In the meantime, Gudrun and Gerald are falling deeper in love. (Especially Gerald, who wasn't doing a very good job of realizing his affections before now. (Because boys are stupid about that stuff.)) The father of the Crich family is ill, and Gerald and the rest of the children are feeling a considerable amount of distress about it. As a result, but also because he just wants to spend time in her company, Gerald asks Gudrun to tutor his little sister in drawing and sculpture. (The sister, Winifred, is kind of awesome. She's a sassy, bright little kid who talks like she's about twenty. (Also, Winifred, Gudrun, and Ursula? Christ, Lawrence. Punish your poor girls some more with these names, why don't you?)) Anyway, that's all fine and good and going well.
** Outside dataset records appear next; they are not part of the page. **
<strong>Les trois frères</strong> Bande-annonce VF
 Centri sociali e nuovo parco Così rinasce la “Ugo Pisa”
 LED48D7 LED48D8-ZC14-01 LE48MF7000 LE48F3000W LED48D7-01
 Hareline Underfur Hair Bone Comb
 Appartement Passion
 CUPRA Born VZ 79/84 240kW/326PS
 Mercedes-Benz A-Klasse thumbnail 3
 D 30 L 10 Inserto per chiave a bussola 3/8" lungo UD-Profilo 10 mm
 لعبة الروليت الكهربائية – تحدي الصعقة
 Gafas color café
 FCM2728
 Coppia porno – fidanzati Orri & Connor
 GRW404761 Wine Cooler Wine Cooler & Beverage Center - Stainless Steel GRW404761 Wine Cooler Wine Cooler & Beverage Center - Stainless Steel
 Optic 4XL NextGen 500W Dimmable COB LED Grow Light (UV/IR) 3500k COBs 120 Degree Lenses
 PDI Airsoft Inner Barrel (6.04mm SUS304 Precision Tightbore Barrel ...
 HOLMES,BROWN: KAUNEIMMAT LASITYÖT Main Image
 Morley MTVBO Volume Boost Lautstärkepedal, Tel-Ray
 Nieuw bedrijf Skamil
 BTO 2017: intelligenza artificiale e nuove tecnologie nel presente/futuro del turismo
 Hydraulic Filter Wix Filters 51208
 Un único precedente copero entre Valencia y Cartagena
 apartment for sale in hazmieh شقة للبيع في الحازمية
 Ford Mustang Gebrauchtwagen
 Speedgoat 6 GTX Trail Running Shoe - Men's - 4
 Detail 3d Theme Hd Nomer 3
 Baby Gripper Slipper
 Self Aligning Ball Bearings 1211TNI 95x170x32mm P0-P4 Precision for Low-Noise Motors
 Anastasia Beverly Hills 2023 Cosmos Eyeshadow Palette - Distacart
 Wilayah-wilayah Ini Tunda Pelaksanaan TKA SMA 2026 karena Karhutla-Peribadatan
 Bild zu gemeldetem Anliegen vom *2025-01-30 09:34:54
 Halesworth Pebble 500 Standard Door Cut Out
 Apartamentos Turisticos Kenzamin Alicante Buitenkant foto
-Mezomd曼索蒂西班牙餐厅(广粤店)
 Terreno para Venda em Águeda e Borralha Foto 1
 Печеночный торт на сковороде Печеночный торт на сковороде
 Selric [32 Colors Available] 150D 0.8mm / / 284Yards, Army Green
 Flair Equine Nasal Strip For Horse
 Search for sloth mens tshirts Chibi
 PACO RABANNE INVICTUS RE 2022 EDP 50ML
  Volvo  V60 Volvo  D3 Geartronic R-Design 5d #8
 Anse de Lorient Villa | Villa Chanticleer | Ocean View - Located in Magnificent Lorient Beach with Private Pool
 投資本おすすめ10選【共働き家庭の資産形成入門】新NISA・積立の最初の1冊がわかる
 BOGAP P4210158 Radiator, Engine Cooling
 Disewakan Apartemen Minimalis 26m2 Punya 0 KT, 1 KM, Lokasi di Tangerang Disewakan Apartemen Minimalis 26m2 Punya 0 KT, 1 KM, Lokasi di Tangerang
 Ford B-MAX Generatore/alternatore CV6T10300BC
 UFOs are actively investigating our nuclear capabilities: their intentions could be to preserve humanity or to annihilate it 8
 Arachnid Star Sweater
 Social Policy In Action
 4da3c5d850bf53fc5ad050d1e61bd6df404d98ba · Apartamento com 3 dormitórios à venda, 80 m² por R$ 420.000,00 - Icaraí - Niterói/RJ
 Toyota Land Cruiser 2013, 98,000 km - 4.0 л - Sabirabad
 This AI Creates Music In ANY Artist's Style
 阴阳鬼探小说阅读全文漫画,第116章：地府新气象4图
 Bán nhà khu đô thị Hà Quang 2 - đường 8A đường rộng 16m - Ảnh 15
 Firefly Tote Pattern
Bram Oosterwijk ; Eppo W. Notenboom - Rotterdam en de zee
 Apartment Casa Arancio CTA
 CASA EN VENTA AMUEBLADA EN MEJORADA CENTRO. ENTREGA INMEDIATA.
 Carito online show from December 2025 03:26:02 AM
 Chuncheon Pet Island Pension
Right after Birkin's poorly received proposal, he heads to Gerald's house for a little manly comfort. And by manly comfort, I mean naked Japanese wrestling (which seems to be what I always knew as Indian wrestling, as far as I can tell). The two men strip and fight until they're sweaty and exhausted, and that makes them feel better about their relationships with women. You go right ahead and read the obvious homosexual subtext in, because it's definitely there. I mean, come on:
"He seemed to penetrate into Gerald's more solid, more diffuse bulk, to interfuse his body through the body of the other, as if to bring it subtly into subjection, always seizing with some rapid necromantic foreknowledge every motion of the other flesh, converting and counteracting it, playing upon the limbs and trunk of Gerald like some hard wind." (255)I'm not sure it's actually possible to sound more like you're talking about sex. There's even a big discussion of the ability of men to fulfill each other's emotional needs more completely than women can fulfil them. Very Greek, this bit.